_Work item:_
Once the pictures have been removed, repeat the remainder of the records exactly.

Short descriptive text snippets
--- START ---

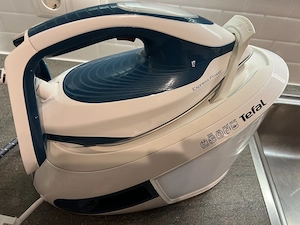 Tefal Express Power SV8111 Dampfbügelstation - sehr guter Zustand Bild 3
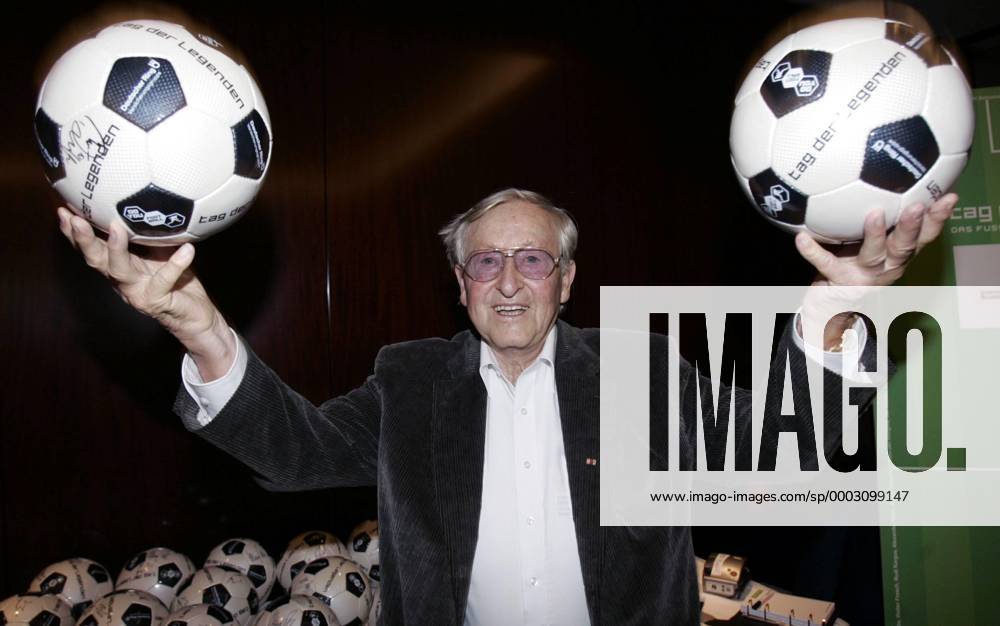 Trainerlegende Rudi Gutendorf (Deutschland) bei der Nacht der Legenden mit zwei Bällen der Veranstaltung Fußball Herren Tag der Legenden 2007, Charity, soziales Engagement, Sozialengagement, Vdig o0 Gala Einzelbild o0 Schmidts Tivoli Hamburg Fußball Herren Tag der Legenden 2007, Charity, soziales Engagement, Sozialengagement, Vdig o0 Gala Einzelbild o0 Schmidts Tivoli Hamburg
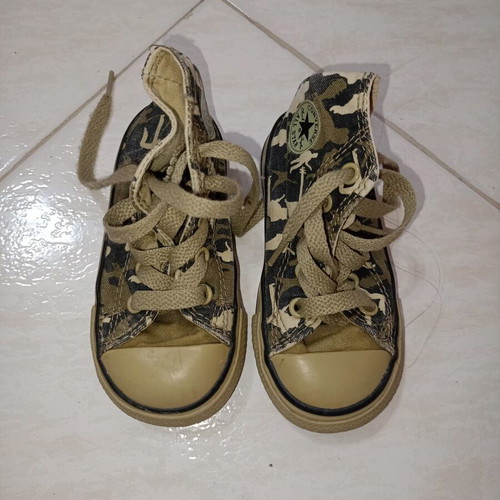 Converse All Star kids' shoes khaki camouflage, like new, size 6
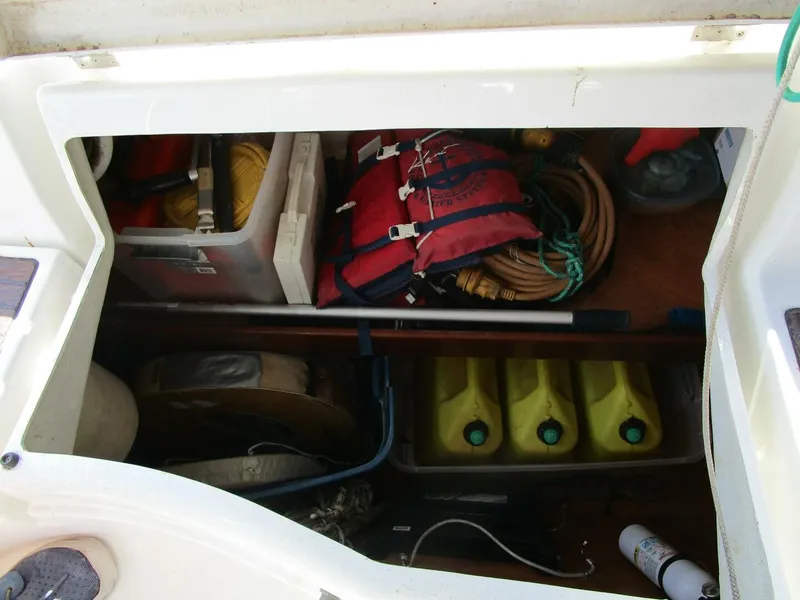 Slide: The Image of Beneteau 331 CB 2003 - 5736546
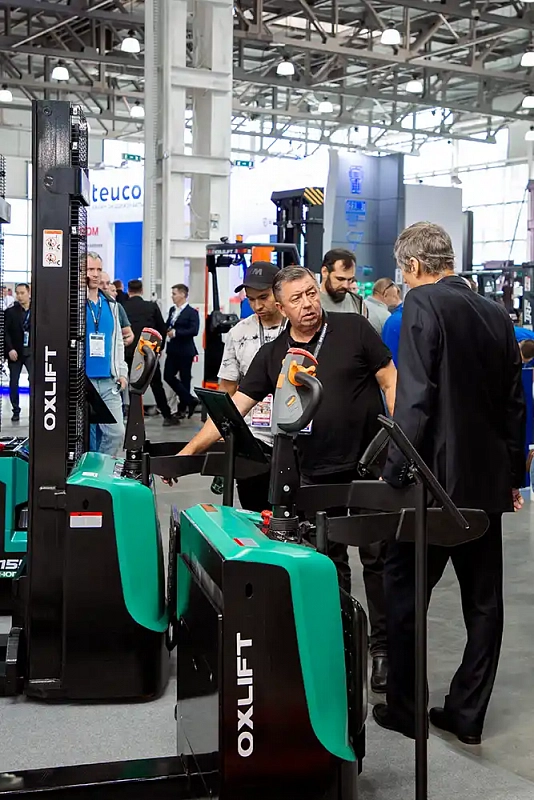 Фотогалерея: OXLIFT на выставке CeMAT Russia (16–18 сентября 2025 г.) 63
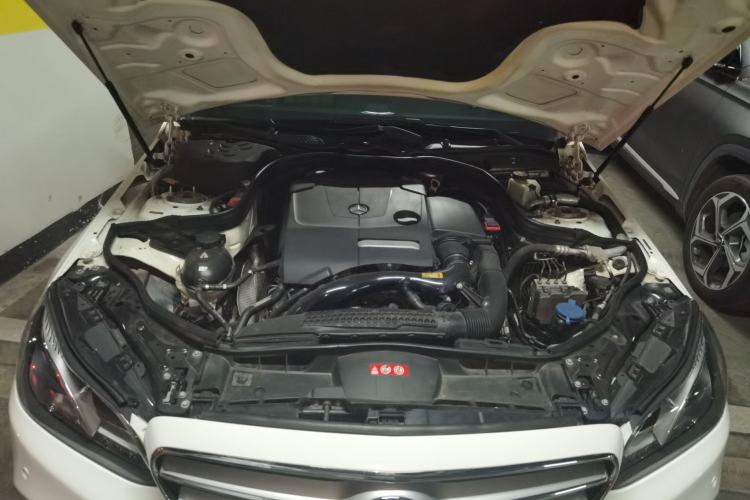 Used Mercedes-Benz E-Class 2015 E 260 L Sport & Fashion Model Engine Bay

--- END ---

_Expected answer:_
 Tefal Express Power SV8111 Dampfbügelstation - sehr guter Zustand Bild 3
 Trainerlegende Rudi Gutendorf (Deutschland) bei der Nacht der Legenden mit zwei Bällen der Veranstaltung Fußball Herren Tag der Legenden 2007, Charity, soziales Engagement, Sozialengagement, Vdig o0 Gala Einzelbild o0 Schmidts Tivoli Hamburg Fußball Herren Tag der Legenden 2007, Charity, soziales Engagement, Sozialengagement, Vdig o0 Gala Einzelbild o0 Schmidts Tivoli Hamburg
 Converse All Star kids' shoes khaki camouflage, like new, size 6
 Slide: The Image of Beneteau 331 CB 2003 - 5736546
 Фотогалерея: OXLIFT на выставке CeMAT Russia (16–18 сентября 2025 г.) 63
 Used Mercedes-Benz E-Class 2015 E 260 L Sport & Fashion Model Engine Bay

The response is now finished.